Our parsing approach aims to maximise the amount of infomation extracted from the logs themselves, as well as expose managers and employees to meta aspects like the sentiment of language used by individuals, changes in performance over time and themes that might cut across entire sectors of the workforce. Bringing together this information without drowning anyone in it is a key step towards an improved performance appraisal system.

Report Summarization

Text summarization comes in 2 forms: Exctractive and Abstractive. Extractive summarization involves selecting a few key sentences or phrases from a long text, to produce a shorter summary, while leaving the rest of the information out. Abstractive summarization involves synthesizing a summary similar to an abstract, constructed of different sentences or phrases than appear in the long text being summarized. This method often involves combining dsentences that have redundant information, and skipping details that aren't key to the overall message of the text. For this project, we perform Abstractive Summarization on synthetically generated Employee Performance Reports, as part of a tool that is aimed at helping companies, supervisors, and their employees understand key performance metrics at a glance.

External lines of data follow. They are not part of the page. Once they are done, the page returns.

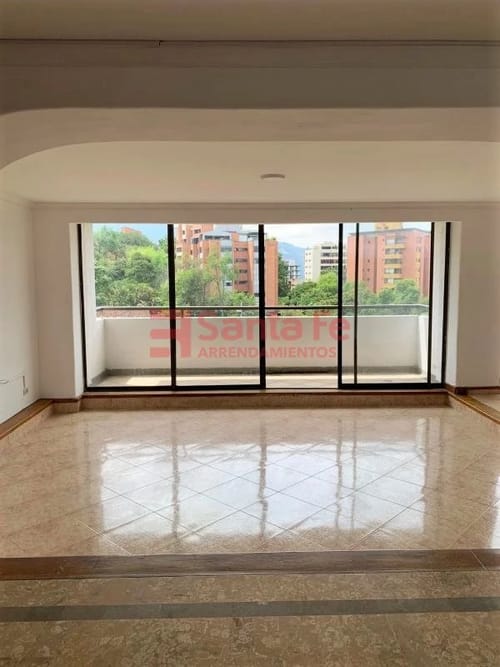 Apartamento de 3 alcobas en arriendo en El Diamante 2, Medellín, 225 m² · foto 2 de 10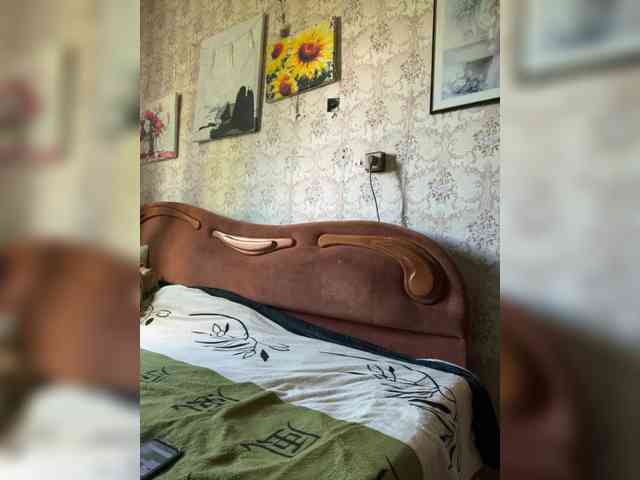 Milana22a webcam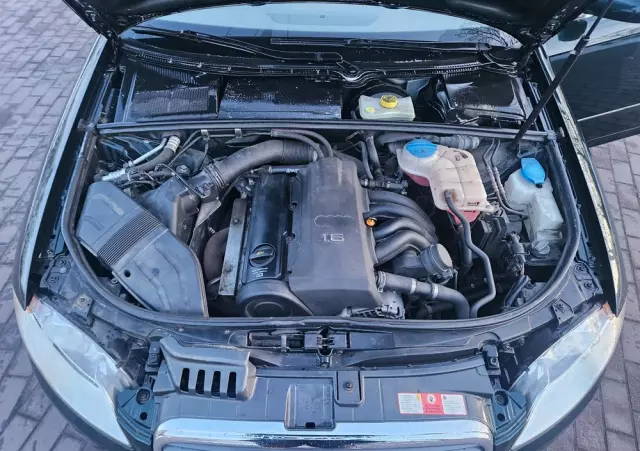 AUDI A4 1.6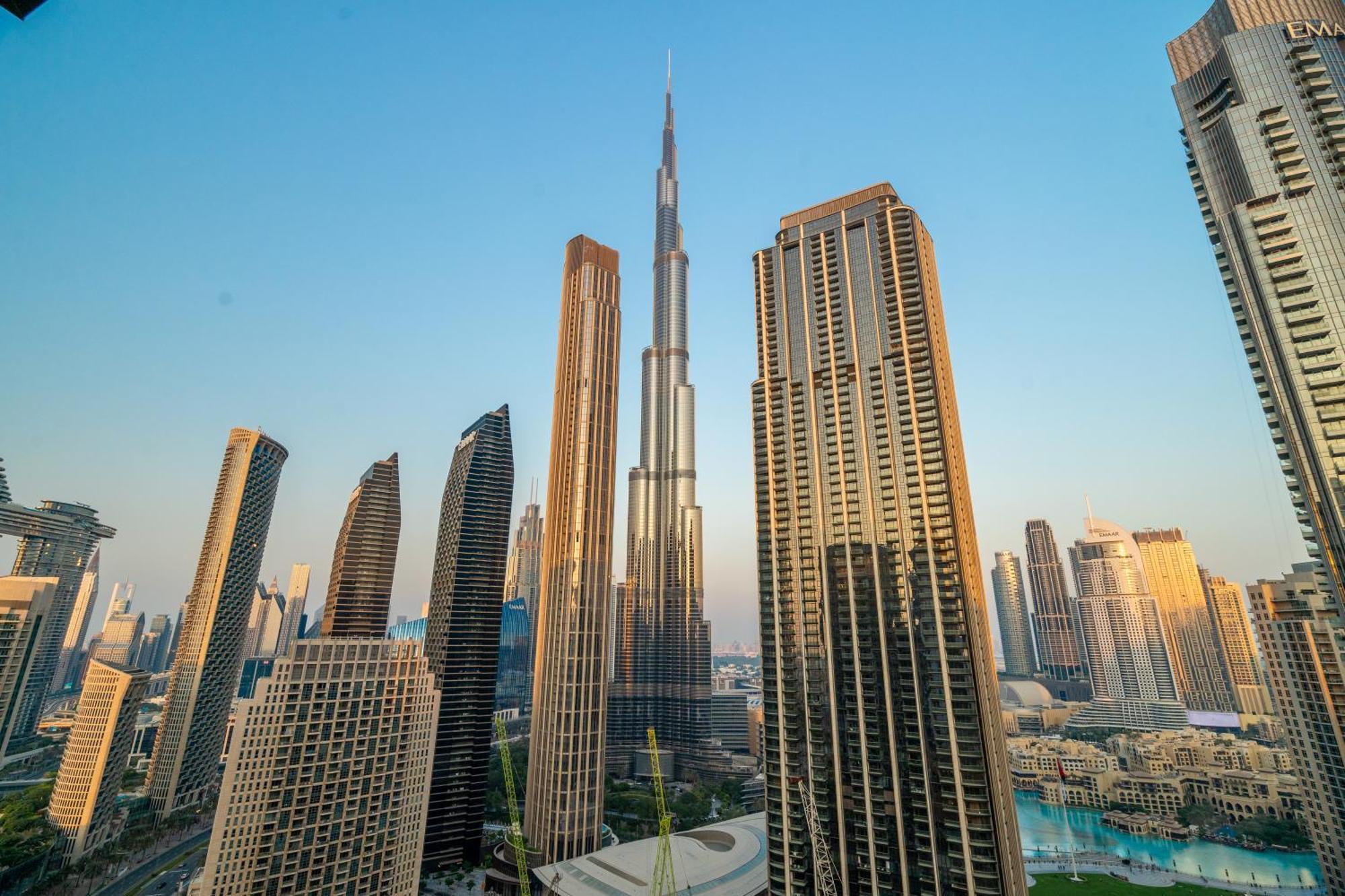 Burj Khalifa View Luxury Steps From Mall Apartment *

The Kibana Dashboard 'Report Summaries' were generated using a well-established Natural Language Processing Text-to-Text Transformer model, T5, that was trained on common crawl data. The summaries are generated via the pre-trained T5 model, which we modified to operate on nested batches of report data, allowing us to summarize reports chronilogically, based on when they were generated.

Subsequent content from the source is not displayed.